Just because the calendar changed does not mean the smoke and mirrors disguising massive losses in banks, insurance companies, and federal and municipal operations have undergone some massive purging. If anything, the policies and programs developed in 2009 have likely only exacerbated the losses across a wide cross section of our economic landscape.
Our federal deficit obviously dwarfs all public and private deficits combined. That said, the obfuscation in other financial corners of our economic landscape are egregious. This obfuscation is often accomplished via an accounting practice known as smoothing. While this practice is not necessarily an indication of improper – if not illegal – financial chicanery, very often the two go hand in hand. Which financial institutions most seriously violated generally accepted accounting practices via smoothing? Hello Freddie. Hello Fannie. And we will pay.
Where else will American taxpayers pay? Public pensions. How much will the smoothie cost at the public pension Dairy Queen? How does $2 trillion sound, or a full four to five times the currently projected cost?
The Financial Times today provides a chilling, sobering, and smooth review of this story in writing, U.S. Public Pensions Face $2 Trillion Deficit:
The US public pension system faces a higher-than-expected shortfall of more than $2,000bn that will increase pressure on many states’ strained finances and crimp economic growth, according to the chairman of New Jersey’s pension fund.
The estimate by Orin Kramer will fuel investors’ concerns over the deteriorating financial health of US states after the recession. “State and local governments are correctly perceived to be in serious difficulty,” Mr Kramer told the Financial Times.
“If you factor in the reality of these unfunded promises, their deficits will rise exponentially.”

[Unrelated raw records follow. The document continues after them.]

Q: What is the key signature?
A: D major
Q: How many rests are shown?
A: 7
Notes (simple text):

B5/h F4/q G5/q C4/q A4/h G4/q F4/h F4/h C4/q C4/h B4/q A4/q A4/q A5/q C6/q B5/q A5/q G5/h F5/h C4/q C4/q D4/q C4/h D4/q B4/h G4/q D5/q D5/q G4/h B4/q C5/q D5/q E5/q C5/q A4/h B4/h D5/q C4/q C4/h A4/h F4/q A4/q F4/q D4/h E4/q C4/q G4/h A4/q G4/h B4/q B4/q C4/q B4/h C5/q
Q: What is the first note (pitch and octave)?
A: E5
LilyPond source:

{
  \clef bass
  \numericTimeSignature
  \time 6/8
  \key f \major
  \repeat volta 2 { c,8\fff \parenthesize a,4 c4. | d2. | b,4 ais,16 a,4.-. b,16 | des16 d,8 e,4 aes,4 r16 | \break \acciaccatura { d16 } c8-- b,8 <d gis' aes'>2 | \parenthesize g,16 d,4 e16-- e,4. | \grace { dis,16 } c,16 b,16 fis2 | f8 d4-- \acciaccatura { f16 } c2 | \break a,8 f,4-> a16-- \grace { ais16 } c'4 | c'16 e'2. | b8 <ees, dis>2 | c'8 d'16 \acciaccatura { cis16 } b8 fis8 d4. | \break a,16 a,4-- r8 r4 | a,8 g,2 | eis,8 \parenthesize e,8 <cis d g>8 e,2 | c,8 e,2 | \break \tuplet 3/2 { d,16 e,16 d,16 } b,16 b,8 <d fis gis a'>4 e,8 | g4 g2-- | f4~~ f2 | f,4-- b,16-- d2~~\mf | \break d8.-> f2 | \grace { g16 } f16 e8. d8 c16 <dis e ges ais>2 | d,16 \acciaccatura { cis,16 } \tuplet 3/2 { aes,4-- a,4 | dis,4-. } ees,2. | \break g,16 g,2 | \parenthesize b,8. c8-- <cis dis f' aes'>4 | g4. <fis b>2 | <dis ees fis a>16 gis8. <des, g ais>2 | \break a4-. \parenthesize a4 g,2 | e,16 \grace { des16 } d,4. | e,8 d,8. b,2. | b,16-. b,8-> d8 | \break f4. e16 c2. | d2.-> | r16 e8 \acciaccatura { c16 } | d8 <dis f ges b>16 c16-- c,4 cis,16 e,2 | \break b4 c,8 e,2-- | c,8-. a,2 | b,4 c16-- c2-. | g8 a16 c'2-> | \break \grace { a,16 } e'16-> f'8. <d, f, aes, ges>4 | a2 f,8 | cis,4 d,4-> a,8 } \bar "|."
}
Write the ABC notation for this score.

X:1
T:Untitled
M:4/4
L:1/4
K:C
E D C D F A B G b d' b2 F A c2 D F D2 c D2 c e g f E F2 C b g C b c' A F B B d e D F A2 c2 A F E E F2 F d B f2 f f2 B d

Estimates of aggregate funding requirement of the US pension system have ranged between $400bn and $500bn, but Mr Kramer’s analysis concluded that public funds would need to find more than $2,000bn to meet future pension obligations.
A shortfall of that size could force state governments to take unpalatable decisions such as pouring more public money into their funds or reducing pension benefits. State and local governments have already cut spending to close budget deficits.
Mr Kramer, chairman of New Jersey’s investment council and also a senior partner at the hedge fund Boston Provident, warned that outdated accounting models and unrealistic expectations of future returns had led states to underestimate their pension requirements.
Public pension funds do not use mark-to-market accounting, relying instead on actuarial numbers that average out value of assets and liabilities over a number of years – a process known as “smoothing”. Mr Kramer’s analysis used the market value of the assets and liabilities of the top 25 public pension funds at the end of the year.
What are the ramifications of this reality? Ongoing cuts in services. Ongoing layoffs in municipal payrolls. Increased taxes. Could a state or municipality default? The chances are not zero that a municipality will not default.
What other lesson should we learn from this story? When you see the term smoothing used for financial accounting purposes, get nervous and look deeper. Smoothies do not typically come in kiddie size.